Docket: 1999-1658-IT-I

BETWEEN:

HUGUETTE LEDUC,

Appellant,

and

HER MAJESTY THE QUEEN,

Respondent.

Reasonsfor Judgment

Lamarre Proulx, J.T.C.C.

[1]            This is an appeal under the informal procedure respecting the 1992 to 1996 taxation years.

[2]            The issue concerns the deduction of interest paid on a loan taken out to build a house from the interest received on the balance of the sale price of that house. It involves the application of subparagraph 20(1)(c)(i) of the Income Tax Act (the "Act").

[3]            The facts on which the Minister of National Revenue (the "Minister") relied in making the reassessments are set out in paragraph 7 of the Reply to the Notice of Appeal (the "Reply") as follows:

[TRANSLATION]

(a)            in 1988, the appellant and her husband financed the construction of a house at 147 rue de l'Équerre in Ste-Rose (the "Property") by means of a $75,000 personal line of credit from the National Bank and a $60,000 loan from Réal Pelletier;

(b)            on May 4, 1990, the appellant became the sole owner of the Property;

(c)            on August 16, 1991, the appellant sold the Property for $140,000;

(d)            the appellant financed the purchaser of the Property to the extent of $120,000 at an interest rate of 9% for the first five years and 10% for the following five years;

(e)            the appellant paid in interest expenses for the 1992, 1993, 1994 and 1995 taxation years the amounts set out in Schedule A attached hereto; and

(f)             for the 1992, 1993, 1994, 1995 and 1996 taxation years, the appellant did not pay interest amounts in excess of those allowed by the Minister in relation to her income from property.
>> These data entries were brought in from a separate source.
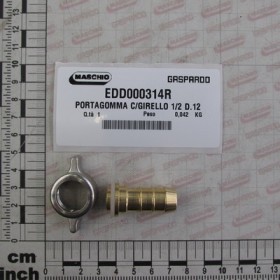 HOSE RUBBER C/GIRELLO 1/2 D.12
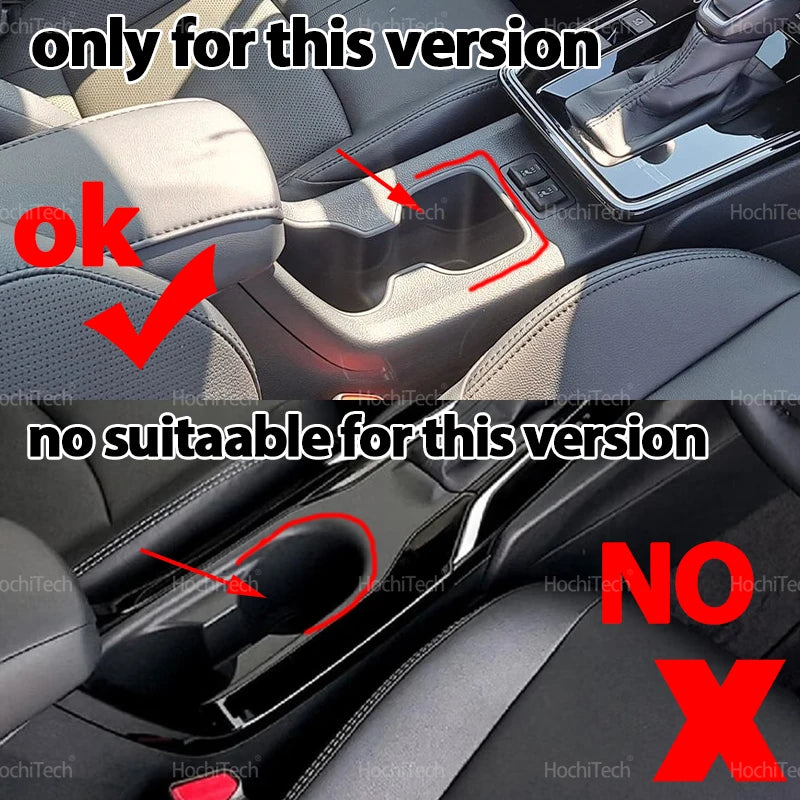 For Toyota Corolla Cross 2025-2027 Anti-Slip Storage Box Water Cup Holder Anti D for Toyota Corolla 2025-2027 - Automoti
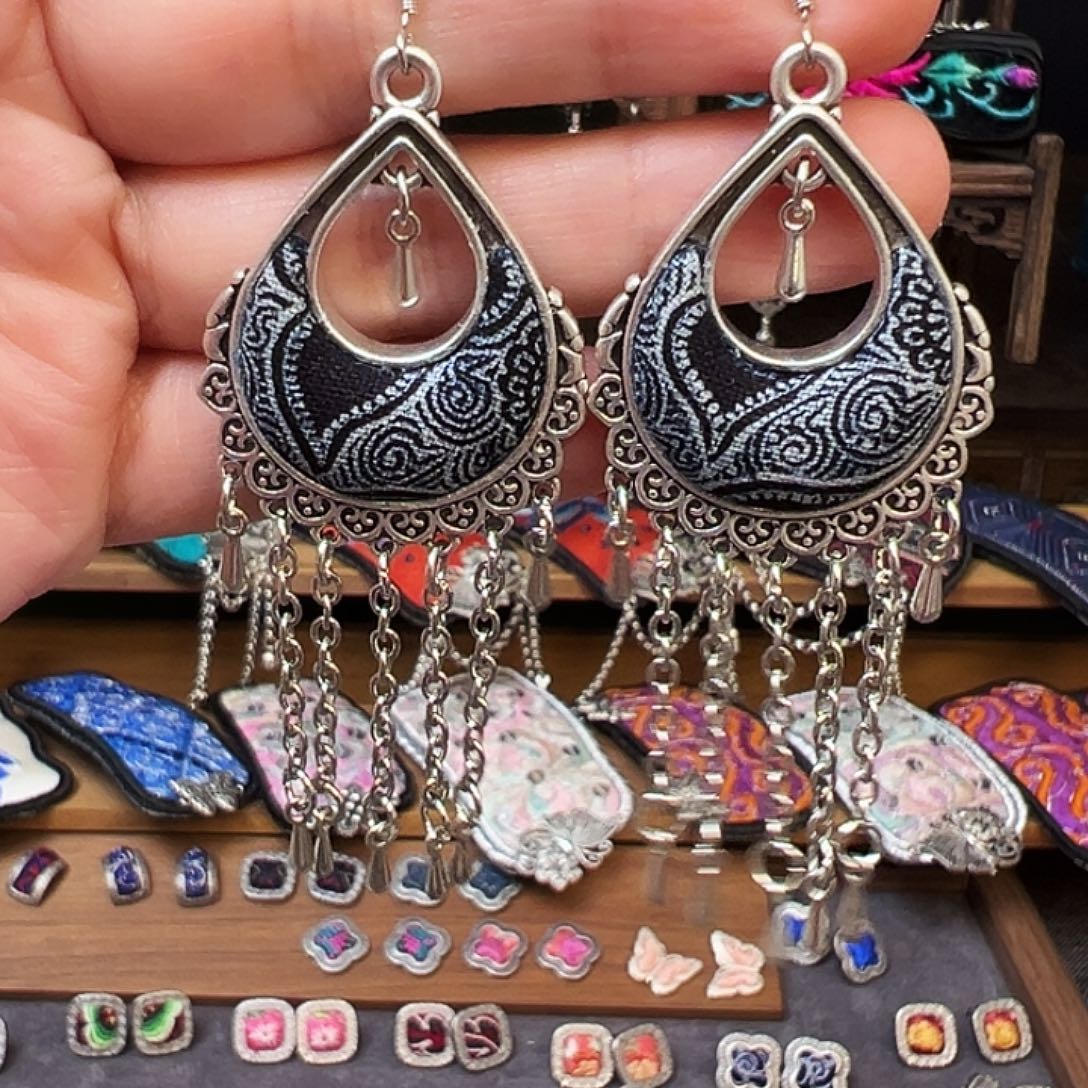 织绣手工刺绣工艺品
[4]            The grounds of appeal set out in the Notice of Appeal are as follows:

[TRANSLATION]

The amounts indicated on the Notice of Confirmation—$4,800 in 1992, $4,800 in 1993, $4,800 in 1994, $4,800 in 1995 and $7,370.95 in 1996—were indeed the interest paid on a $60,000 loan which was used for the construction of the property situated at 147 de l'Équerre, Laval, Quebec. Therefore, I have no choice but to object in order not to have to pay tax on the interest that I paid.

At the hearing of the appeal, I will provide you with the bank statements from the National Bank for 1988, which show a deposit of $30,000 on May 13, 1988, and another of the same amount on June 17, 1988, for the construction, and which show as well the amounts of the cheques for payment of the invoices relating to this construction. In addition, I can provide you with the other statements for 1989, 1990 and 1991, which show the amount of interest paid on the $60,000 loan.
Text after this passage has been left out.